* **Collection entries**
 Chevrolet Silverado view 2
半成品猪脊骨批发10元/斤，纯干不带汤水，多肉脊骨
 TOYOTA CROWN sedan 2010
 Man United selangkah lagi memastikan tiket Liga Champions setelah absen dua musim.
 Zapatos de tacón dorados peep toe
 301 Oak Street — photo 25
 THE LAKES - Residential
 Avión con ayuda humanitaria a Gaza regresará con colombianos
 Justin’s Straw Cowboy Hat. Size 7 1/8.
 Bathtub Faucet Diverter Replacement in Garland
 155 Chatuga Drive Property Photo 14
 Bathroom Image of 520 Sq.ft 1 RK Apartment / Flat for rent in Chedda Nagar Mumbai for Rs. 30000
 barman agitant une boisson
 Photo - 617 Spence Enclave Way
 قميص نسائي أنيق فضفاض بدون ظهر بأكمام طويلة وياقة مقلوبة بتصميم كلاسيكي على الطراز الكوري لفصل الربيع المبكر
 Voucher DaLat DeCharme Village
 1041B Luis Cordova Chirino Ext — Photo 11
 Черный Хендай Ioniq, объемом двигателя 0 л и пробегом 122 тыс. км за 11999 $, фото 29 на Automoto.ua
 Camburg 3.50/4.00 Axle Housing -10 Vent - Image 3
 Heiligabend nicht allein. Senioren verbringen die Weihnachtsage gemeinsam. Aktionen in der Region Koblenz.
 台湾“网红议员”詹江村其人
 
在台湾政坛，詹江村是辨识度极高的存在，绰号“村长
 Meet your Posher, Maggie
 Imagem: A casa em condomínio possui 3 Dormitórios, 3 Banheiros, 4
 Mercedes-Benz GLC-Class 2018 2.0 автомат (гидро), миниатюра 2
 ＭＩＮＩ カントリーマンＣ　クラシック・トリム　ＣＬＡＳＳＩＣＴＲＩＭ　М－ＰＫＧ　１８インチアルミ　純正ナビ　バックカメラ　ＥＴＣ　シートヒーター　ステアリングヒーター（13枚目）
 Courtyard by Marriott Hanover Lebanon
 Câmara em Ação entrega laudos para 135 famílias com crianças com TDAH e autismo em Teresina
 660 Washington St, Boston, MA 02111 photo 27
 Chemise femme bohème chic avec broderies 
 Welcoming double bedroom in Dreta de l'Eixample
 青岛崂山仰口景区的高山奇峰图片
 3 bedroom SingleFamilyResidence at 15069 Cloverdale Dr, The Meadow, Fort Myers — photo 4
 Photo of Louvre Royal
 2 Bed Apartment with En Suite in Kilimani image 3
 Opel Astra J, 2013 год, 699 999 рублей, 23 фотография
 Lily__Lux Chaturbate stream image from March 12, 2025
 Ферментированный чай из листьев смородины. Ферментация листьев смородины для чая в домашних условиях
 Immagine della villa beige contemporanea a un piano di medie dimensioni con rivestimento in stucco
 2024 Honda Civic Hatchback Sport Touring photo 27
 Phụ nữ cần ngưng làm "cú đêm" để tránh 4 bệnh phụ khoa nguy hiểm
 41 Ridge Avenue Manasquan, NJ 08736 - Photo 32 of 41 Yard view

* **What the task requires**
From the records above, pick out and copy each line holding the word "Apartment".

* **Response below**
 Bathroom Image of 520 Sq.ft 1 RK Apartment / Flat for rent in Chedda Nagar Mumbai for Rs. 30000
 2 Bed Apartment with En Suite in Kilimani image 3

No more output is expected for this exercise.